March 21, 2011
MarkBernstein.org
 
Follow me on Twitter

As Always, Julia

by Joan Reardon, ed.

In 1952, Julia Child read an article in Harpers about the shortcomings of stainless steel kitchen knives. She agreed wholeheartedly, and sent the author – public intellectual Bernard DeVoto – some inexpensive French knives. Her reply came not from the author but from his wife and secretary, Avis:

I hope you won’t mind hearing from me instead of from my husband. He is trying to clear the decks before leaving on a five weeks’ trip to the Coast and is swamped with work, though I assure you most appreciative of your letter and the fine little knife. Everything I say you may take as coming straight from him – on the subject of cutlery we are in complete agreement.

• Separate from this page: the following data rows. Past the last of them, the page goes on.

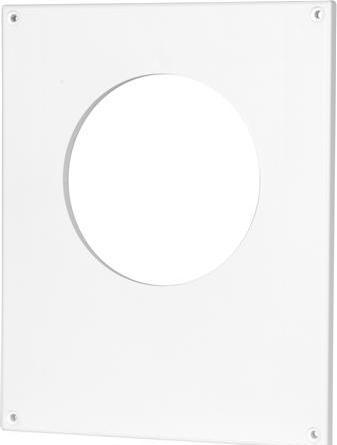 Productafbeelding Fresh Afdekplaat voor ventilator Pax Calima en Passad, wit voor kanaalafmetingen Ø140-160 mm.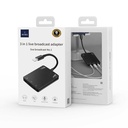 Wiwu 3 in 1 Live Broadcast Lightning Ses Adaptörü - 13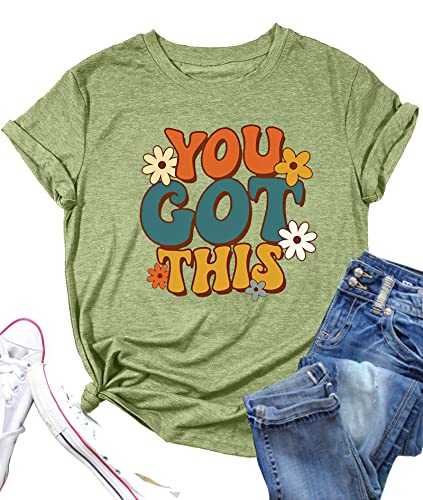 You Got This Shirt Women Teacher Graphic Testing Tshirts Funny Back to School Encouraging Short Sleeve Tees Tops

Bernard had indeed appreciated the gift, and had appropriated it for the cocktail hour. But Avis turned out to be a fine and lifelong correspondent, and because Avis had terrific contacts in publishing, this letter turned out to be a crucial step in securing the eventual publication of Mastering The Art of French Cooking.

Joan Reardon has collected much (but not all) of the surviving correspondence between this first contact and the publication of the book, some eight years later. It makes a fascinating record, not only of an intricate editorial process but also of the intellectual and political world of the 1950’s. The DeVotos were at the center of the Hub. The Schlessingers lived next door and came regularly for drinks. So did the Dean Rusks. Paul Brooks, Dorothy De Santillana and the Houghton Mifflin crew were close friends, May Sarton was down the street, Albert and Blanche Knopf were close as well. DeVoto, though not well known today, was a titan who was banqueted alongside Robert Frost and Sam Morisson, Bill Faulkner and Rachel Carson at a ceremony for the great writers of the century. Child, married to a State Department official, was posted far in the periphery, unknown and greatly in fear of McCarthyist witch-hunting.

There’s not much in Julia’s letters that we didn’t have in her own recollections and her biography. DeVoto, on the other hand, is a fine discovery and a terrific writer. There’s not much to learn here about cooking, but tons to discover about sexual politics and social life and household economy. I wish the footnotes gave us a little bit more background about people the letters mention – the footnotes are not the match of Charlotte Mosley’s – and I’d have gladly read some of the later correspondence, omitted here, from later years when the widowed Avid DeVoto became one of Child’s assistants. Still, these are delightful letters that brim with enthusiasm, spirit, and the patience to nurture a large and difficult creation.